When my intake is complete, Junko sets me up with some basic toiletries, and, blessedly, a small paper cup of pain meds. She attaches a cuff to my good leg, which is to prevent blood clots, and I plan to remove it immediately once Junko leaves, because there is no way I'm going to sleep with that thing squeezing me every 30 seconds.

Once I'm alone, I try and relax. I'm an extremely light sleeper under normal circumstances, but right now I am utterly exhausted, physically and mentally. I remove the blood pressure cuff thing from my leg, and jam a pair of earplugs into my ears. But I'm so uncomfortable. In the ER, the Ortho folks put a massive and unwieldy splint on my broken leg, and it feels like it weighs a million pounds. I try and adjust the bad leg, moving it slightly against the pile of pillows elevating it. I adjust the bed, head and feet. Now my back hurts. I fuck with everything again, and at some point realize it's hopeless, and jam the call button for help.

When Junko returns, she seems to know what the problem is, as she has brought a vial of morphine, which she attaches to my IV feed. She stays a few moments to make sure I'm okay, and when she leaves, I am finally able to relax and nod into a light sleep.

Of course, what feels like maybe two minutes later, Junko is back, has flipped all of the lights on and is puttering around, getting ready to extract approximately seven pints of blood from my already damaged body. All I can think about is breakfast.

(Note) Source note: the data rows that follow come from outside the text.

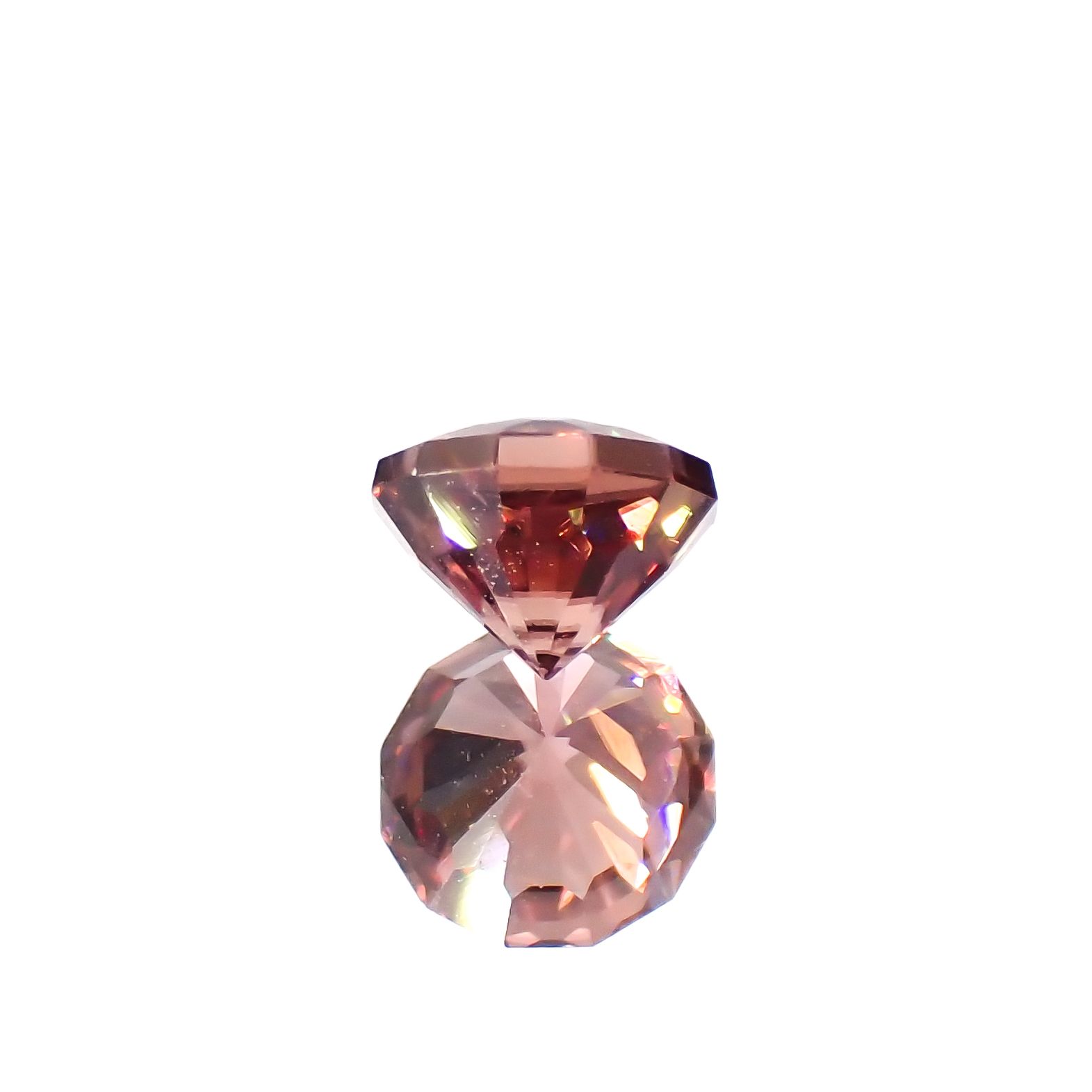◇カスタムカット◇ピンクジルコン スリランカ/カンボジア産 0.75ct[230421819]4.8x4.8mm前後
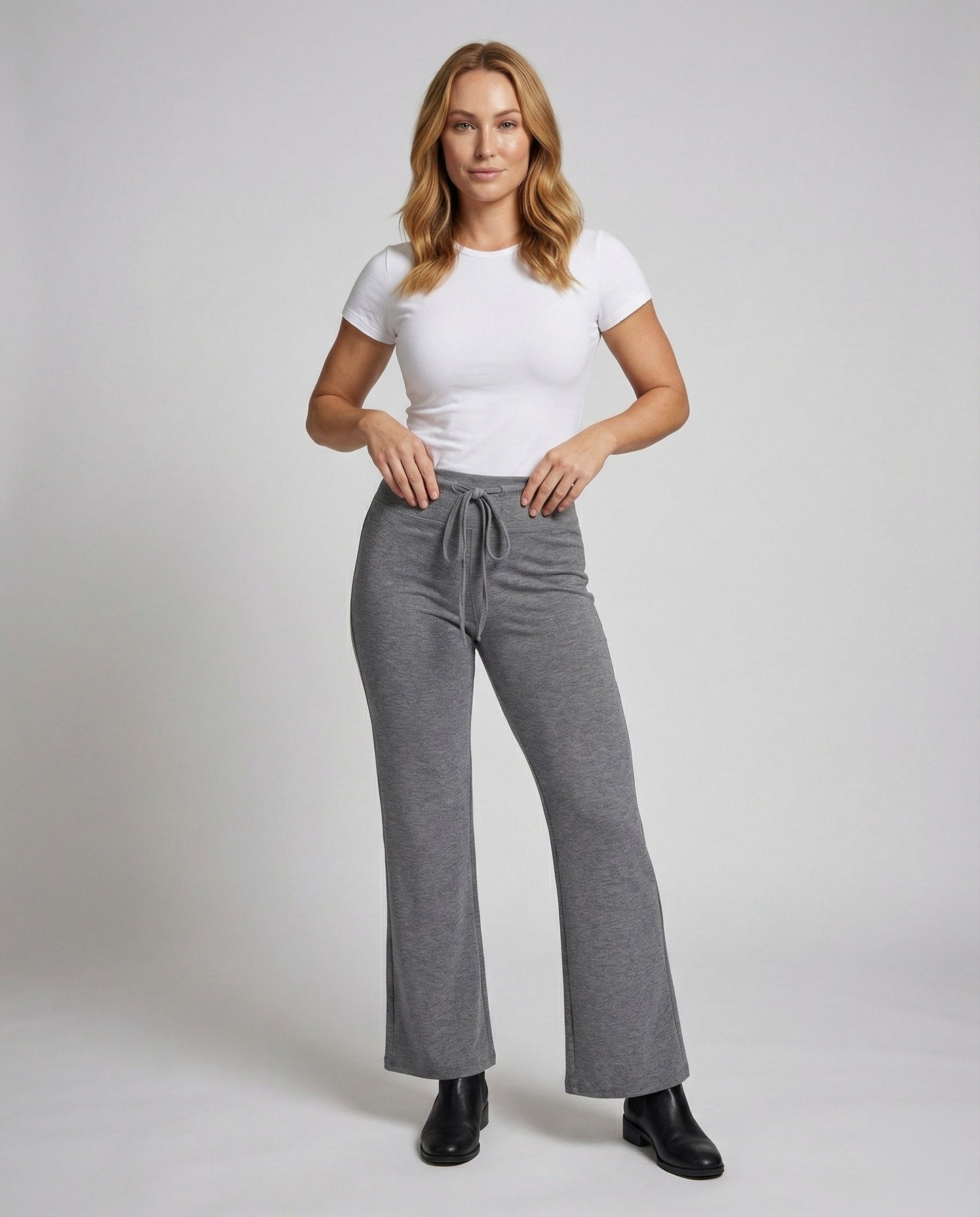 Pantaloni Palazzo Donna Morbidi Gamba Larga - Brentozzi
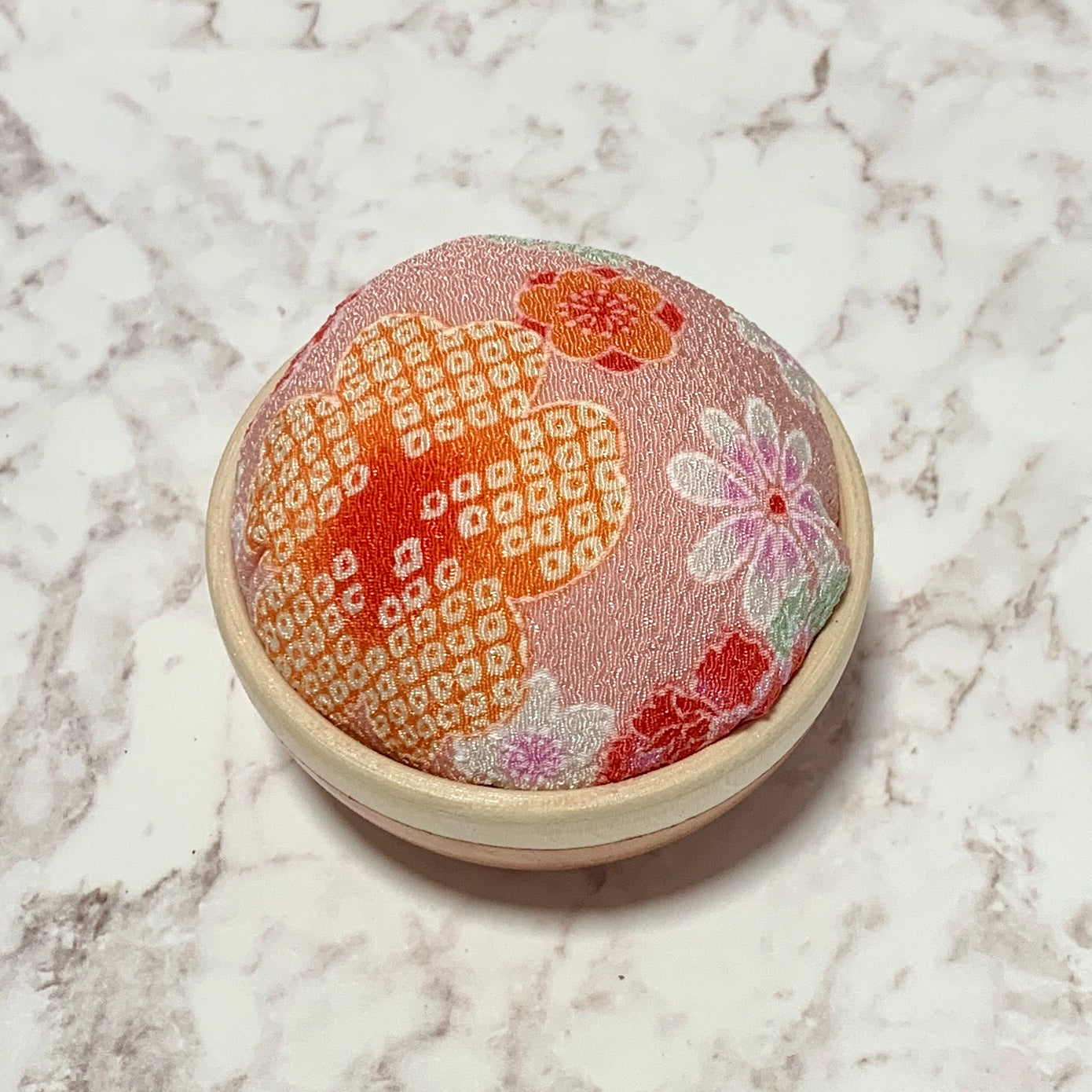 Pin Cushion Bowl - Pink Gold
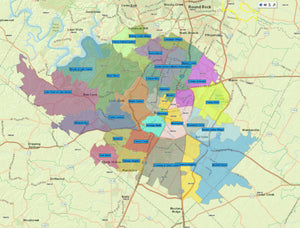 RealZips GeoData - Austin Texas Neighborhoods - by Zip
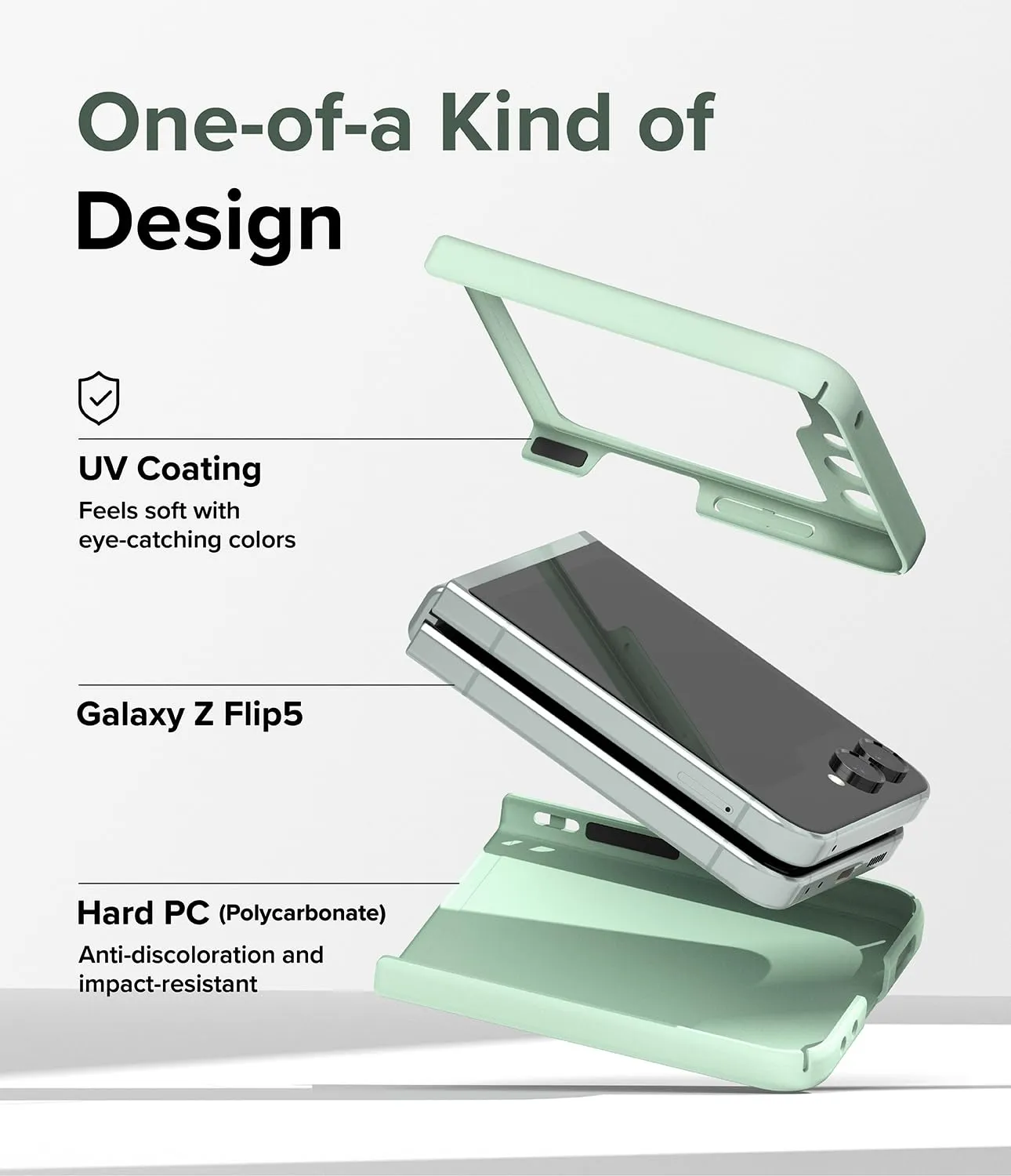 Samsung Galaxy Z Flip 5 Case Cover | Slim Series | Mint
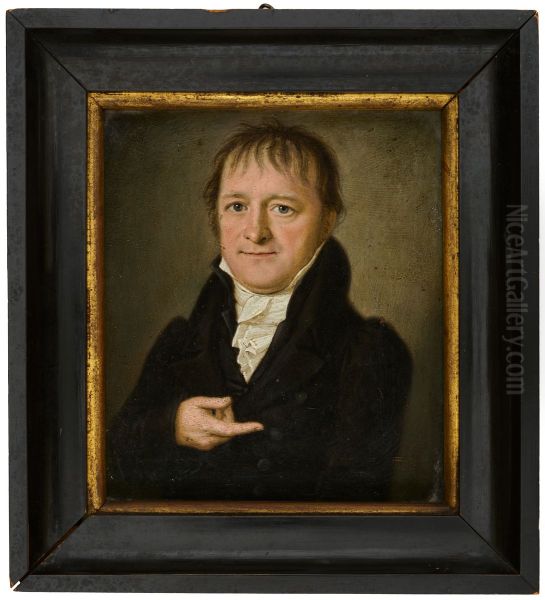 Portrait de Christian Hainlen Oil Painting by Wendelin Moosbrugger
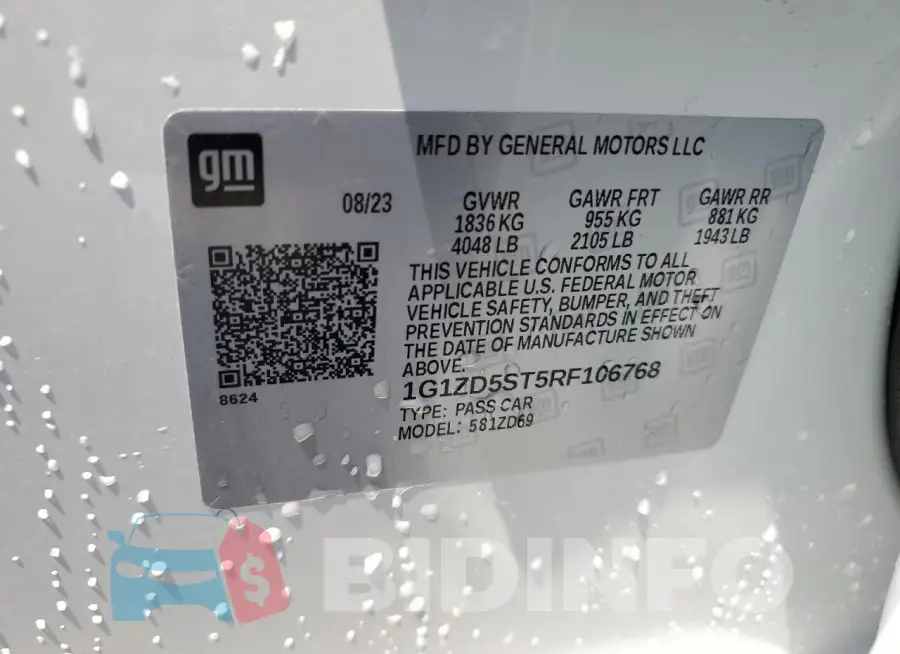 1G1ZD5ST5RF106768 Photo# 12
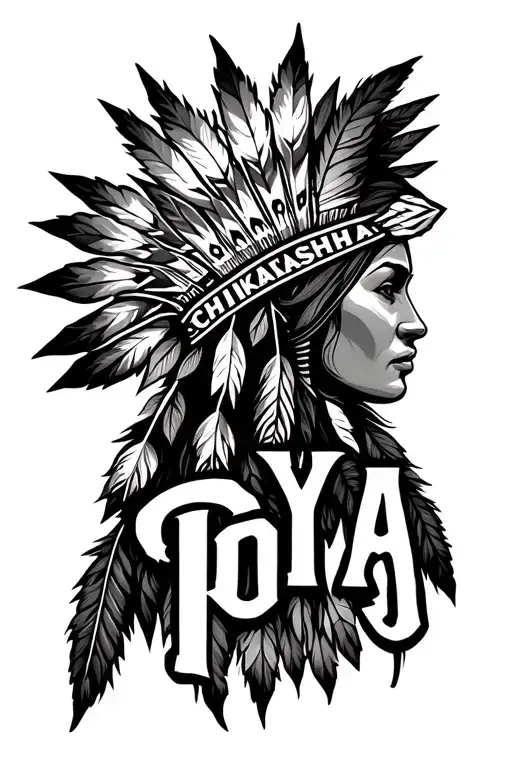 "Chikasha Poya" Native American arrow tattoo design idea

I haven't eaten anything in maybe 15 hours. Junko asks if a doctor has been by yet, and when I reply in the negative, she assures me someone should be by soon to let me know about the surgery.

Junko drains all of my blood, then informs me they have a urine (read: pregnancy) test when I'm ready to pee. I tell her I'm good to go now, so she sets the bedpan underneath me and then leaves to go drop the vials off at the lab. When I'm finished, I sit there and wait. To amuse myself, I begin quietly singing "sitting in a bucket of pee" to the tune of "Sitting on the Dock of the Bay," and chuckling, almost certainly sounding like an insane person. After a few moments, I realize I don't know when she is actually coming back, and that I need to do something about my situation. Slowly, carefully, I lift my bottom and begin inching the very full bedpan out from underneath me.

When Junko returns, she sees the bedpan lying next to me, and actually exclaims, "Wow! Good job!" Whether it's because I filled the bedpan, or managed to wrangle it out from under myself, I'm not sure, but I will take the praise where I can get it. She leaves again, I pull out a book and settle in to wait.

In maybe a half hour, a man who I assume is the doctor comes in with an entourage of med students. They pour in and form a semi-circle around my bed, and I brace myself for an update. The doctor looks at a clipboard, then proceeds to tell me in a British accent that the break is not in fact as bad as they had told me last night, and that surgery won't be necessary, but rather, I will be getting a cast on instead. He orders the troupe of students to prepare for a cast, and then he's gone, all within the span of maybe five minutes. I suppose at Oxford University of Medicine or whatever, they don't teach you about bedside manner, but honestly I'm thrilled that I'm not going to be cut open.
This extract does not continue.